Only when you grow older do you begin to analyze, to intellectualize, the potential innuendo of the ways you touch other people or allow them to touch you. You no longer have the freedom of thoughtless embraces, because you don’t want to give ‘the wrong idea’ to some unspecified ‘him’ or ‘her.’ You become paranoid about communication, maybe because you are now a single adult and you came from the sanctum of an uninhibited mutual home where consumptive touch was like eating and breathing and now you don’t really know how to touch anyone else.
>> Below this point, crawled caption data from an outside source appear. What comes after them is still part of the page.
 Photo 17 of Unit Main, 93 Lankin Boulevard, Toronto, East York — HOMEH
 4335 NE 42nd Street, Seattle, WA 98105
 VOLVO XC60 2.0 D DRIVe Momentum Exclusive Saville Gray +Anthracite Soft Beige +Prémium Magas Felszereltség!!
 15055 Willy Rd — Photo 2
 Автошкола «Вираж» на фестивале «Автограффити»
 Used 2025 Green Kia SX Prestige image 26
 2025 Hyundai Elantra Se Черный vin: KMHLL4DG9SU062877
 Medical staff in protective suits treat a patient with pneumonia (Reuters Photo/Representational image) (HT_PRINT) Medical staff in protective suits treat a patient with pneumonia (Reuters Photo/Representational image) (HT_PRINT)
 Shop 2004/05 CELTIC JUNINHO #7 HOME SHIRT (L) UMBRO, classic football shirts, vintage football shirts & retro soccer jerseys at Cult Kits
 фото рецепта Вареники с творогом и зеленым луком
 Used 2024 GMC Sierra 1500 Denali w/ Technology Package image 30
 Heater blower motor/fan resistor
Your cheek touches another girl’s when you hug and you wonder why she pulls away. You think about it for way longer than the gesture actually took.  Some people kiss your cheek when they greet you, some don’t, some make like they’re going to kiss both cheeks and you’re startled and do a strange, weaving dance, clasped stiffly at arm’s length until you consent awkwardly to whatever it is they want. The weird smudges of half-kisses, gestures that aren’t real kisses, scratch and burn and linger on your face at parties where everyone smells like alcohol. You watch other people’s hands to determine the relationship between them. Your heart sinks when someone you’re looking at puts their hand on someone else’s knee just so. You learn to watch your hands.

You watch morning television body language experts who inform you that a woman’s knees point at the man she wants. You learn to watch your knees. You point your knees at the man you want or you touch him until you get even older and you learn about ‘how to play,’ how you ought not to be eager, how you should not be ‘demonstrative’ toward the man you want, and then you should endeavor to keep your distance so you don’t ‘let on’ or appear ‘too eager.’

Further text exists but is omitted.